Primeiro dia de aula: uma história sem fim.

2015 e o primeiro dia de aula dos alunos. 
Novo colégio pra mim, nova professora pra eles. 
Novas turmas, novos alunos, novo programa de ensino. 
Tudo novo. 
Porém, algumas coisas continuam iguais: o novo sempre dá aquele friozinho na barriga, aquele "medinho" do desconhecido, aquela ansiedade... 
Volta de férias em plena quinta-feira pós-carnaval nem é bem uma volta de férias, é mais um reencontro dos amigos/colegas que qualquer coisa - pros alunos. 
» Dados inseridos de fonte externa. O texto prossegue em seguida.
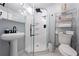 Clean bathroom with a walk-in shower, pedestal sink, and modern fixtures at 1368 New Hope Rd, Lawrenceville, GA 30045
Os alunos ainda estão naquele alvoroço, eu só dou uma aula em cada turma e, como desta vez eles são (em média) 40 ao invés de 25, estranhei um pouco este "mísero" detalhe... 
De início, aqueles 40 parecem uma "coisa" só, aqueles rostinhos ainda não foram assimilados pelo meu cérebro, os nomes, então, muito menos; eles juntos parecem um único som: o da bagunça. 
Aí aquele meu frio na barriga foi se transformando em calor no momento em que eu abri e boca e disse: bom dia. (aqueles rostinhos me diziam "bom dia pra quem, cara pálida?") 
Aquela resposta em uníssono me fez pensar nos Iskalnari, da "História sem fim" - os marinheiros da névoa, que viviam em conjunto, sempre juntos, eram iguais; mas por serem iguais não sentiam falta de um "indivíduo", a unidade não era importante. Isso me incomodou. 
Depois de uma breve dinâmica (quem diria, heim? eu fazendo dinâmicas...) pedi que eles escrevessem um pequeno texto, motivados pelo diálogo entre a Lagarta e  a Alice (previsível...), respondendo à pergunta "Quem és tu?" Aula terminada, textos escritos. Voltei pra casa.

Cheguei em casa e fui ler os textos... cada texto, uma letra diferente, uma quantidade de linhas diferente, um nome, uma identidade, algumas risadas, algumas emoções... Aquela unidade do primeiro dia de aula foi se transformando. O "uníssono" agora era "Vários". 

Segundo dia de aula.
Os alunos agora não eram apenas um som, eles eram diferentes rostos que respondiam à chamada pelos diferentes nomes que lhe foram "determinados", mas que não os definem simplesmente. 

Uma semana de aula.
Aqueles rostinhos nomeados já tem idiossincrasias perceptíveis e já me fazem sorrir há alguns dias. Os pequenos seres, que têm entre 12 e 13 anos, já fazem parte dos pensamentos de uma professora motivada por eles e para eles. E isso me faz lembrar que eu sou alguém também porque eles existem. E isso me deixa feliz.

No fim de cada dia de aula, ele sempre é o primeiro, o único, mas não por ser igual aos outros, mas porque fez parte da vida de cada um daqueles indivíduos que estão lá me olhando na frente da sala... E eles, com seus olhares curiosos, fazem eu ter vontade de continuar as aulas, essa história sem fim, sorrindo.